Life after London: Our move to Surrey

We knew it was time to move out when we started to dread the evening drive back into London after visiting friends or family, which we had begun to do with more regularity, as our babies turned into toddlers.

We had always known that we wanted to bring our family up outside London but job commitment, the comfort of having a lovely network of fellow mums and the ease of everything being on the doorstep, made the decision feel really brave. We felt we needed a real reason to make the change. It came when my youngest son was 1 1/2 and my twice daily visits to the park to enable him and his brother and sister to have a run about was starting to drive me nuts. We just wanted them to be able to run freely in their own garden and away from the busy roads.

We had family in Kent and Surrey, so based our search on those areas. Although technically you could get a little more for your money in Kent, we preferred the market towns of Guildford, Haslemere and Farnham and the stunning countryside that surrounded them. So, we chose Surrey to concentrate our search.

After months of research and weekends spend driving around with a map, ticking villages we liked and crossing off places that we really didn’t, we couldn’t choose where we wanted to be, so we decided to let our London house sale go ahead and rent, so that we didn’t panic purchase.

As luck would have it, we ended up choosing a rental house in a village we’d never heard of, on the side of Guildford we’d never been too, purely because the rental was that ‘picture perfect chocolate box house’ you visualize when you move out. Also it didn’t make the move and the commute seem as ominous as you could be in Guildford in 5 minutes.

After another year of hunting, spreading our net as far and as wide as we could, we ended up in a lovely house just a village away from the rental. It was not only a beautiful cottage with all the period features we adored, but it was close to a wonderful Infant School and in a village I had made lots of friends through the toddler group. It would really take a wrench to get us out of the village now, it is full of young families, all of whom have moved out in the last couple of years and it really offers the outdoorsy lifestyle we had wanted for both the children and ourselves.

Moving to a new area is never easy, especially if you don’t know anyone to ask the questions to the answers you really want to know, which are no doubt more lifestyle related. You can only glean so much through internet research. You take a big risk falling for a house but not knowing the area at all.

Unlike London you aren’t swapping one park for another, one row of shops for another and one supermarket for another.
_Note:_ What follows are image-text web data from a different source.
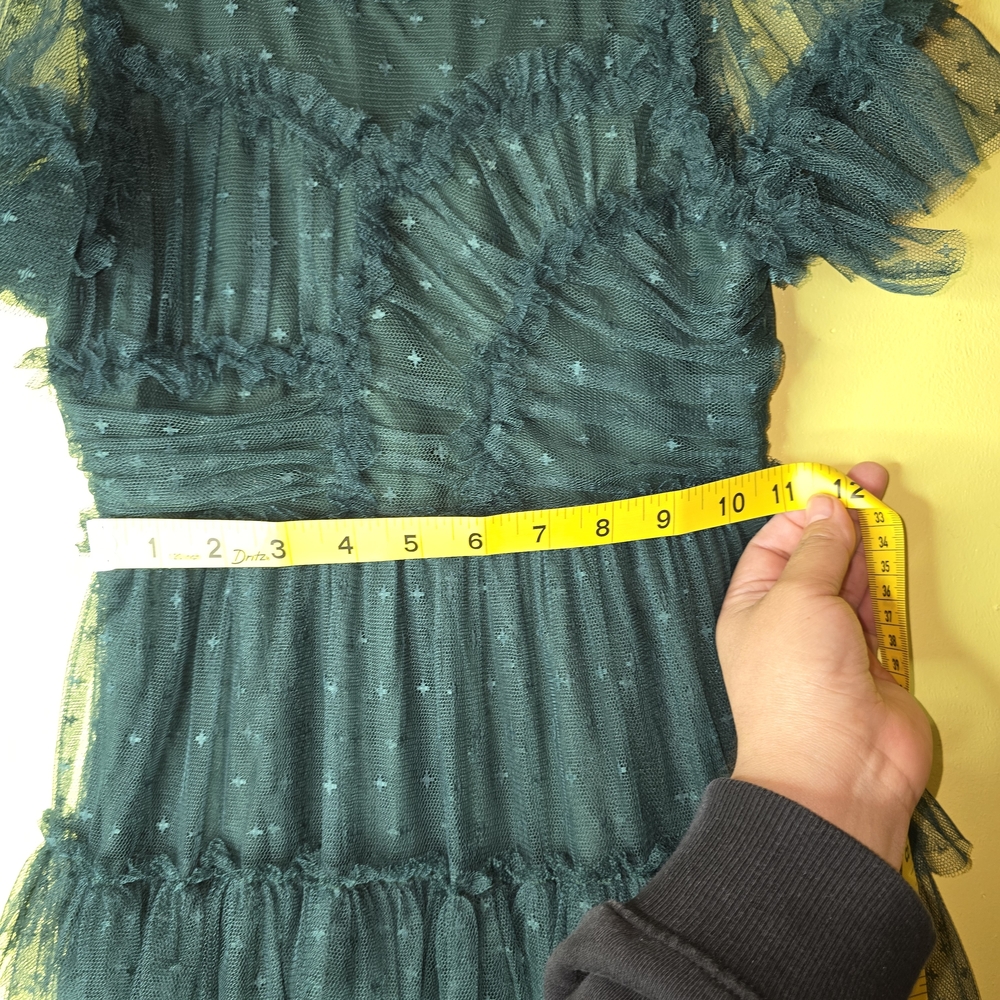 Girls Emerald Green Ruffle Tiered Tulle Dress - Picture 9 of 9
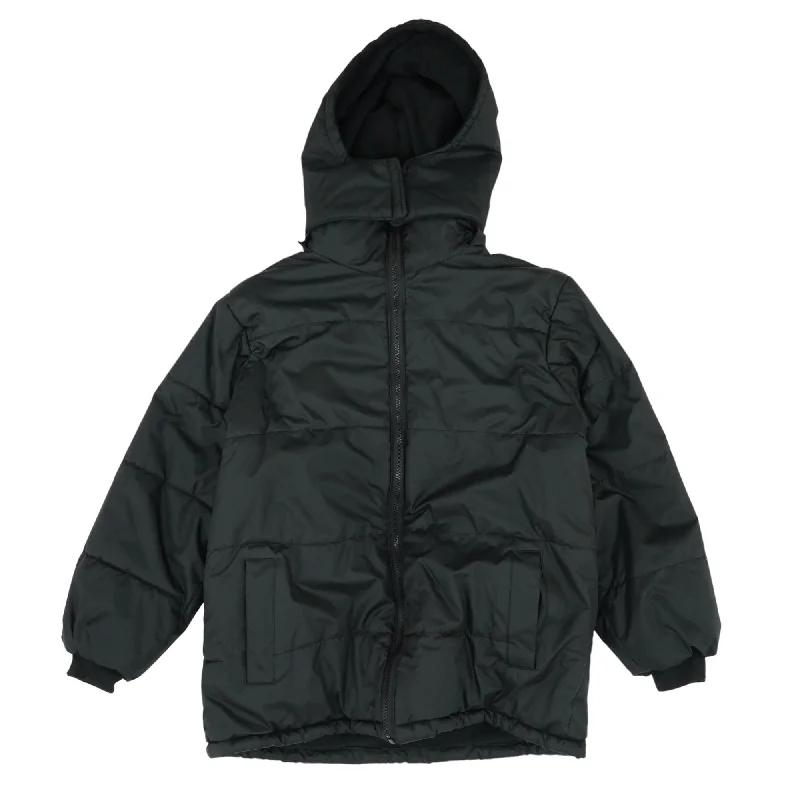 Black Solid Jacket Fleece Jacket Down Jacket Feather Jacket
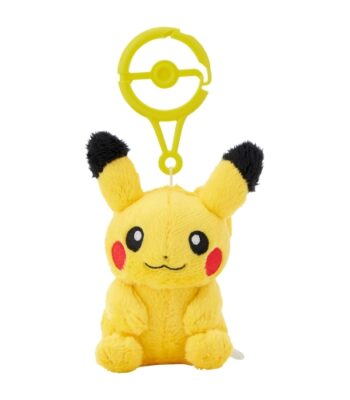 The product title translates to "Keychain Mascot Pikachu with Carabiner | Official Pokémon Center Online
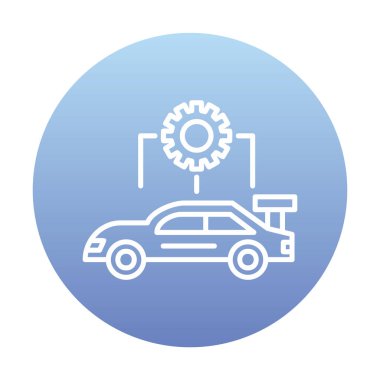 Araba servisi ikon vektör çizimi. Otomobil Yapılandırması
Out in the sticks, each village has its own offering of shops, pubs, schools and even ease to get into the larger town, which of course once you’ve moved, your stuck with. If you know you want to go super rural then you’ll happily move and take the risk but if you need social interaction, have young children and want to meet other families or have older children who are mad keen on a particular hobby, access to these can make a difference to time spent in the car.

Everyday we feel very lucky that we are able to live in a beautiful part of the UK, with such easy access to London. My husband commutes door to door in 1 hour and whenever I need my ‘London fix’, I drive straight up the A3 and can be on the Kings Road for lunch in 45 minutes. It really is the best of both worlds for us and haven’t looked back.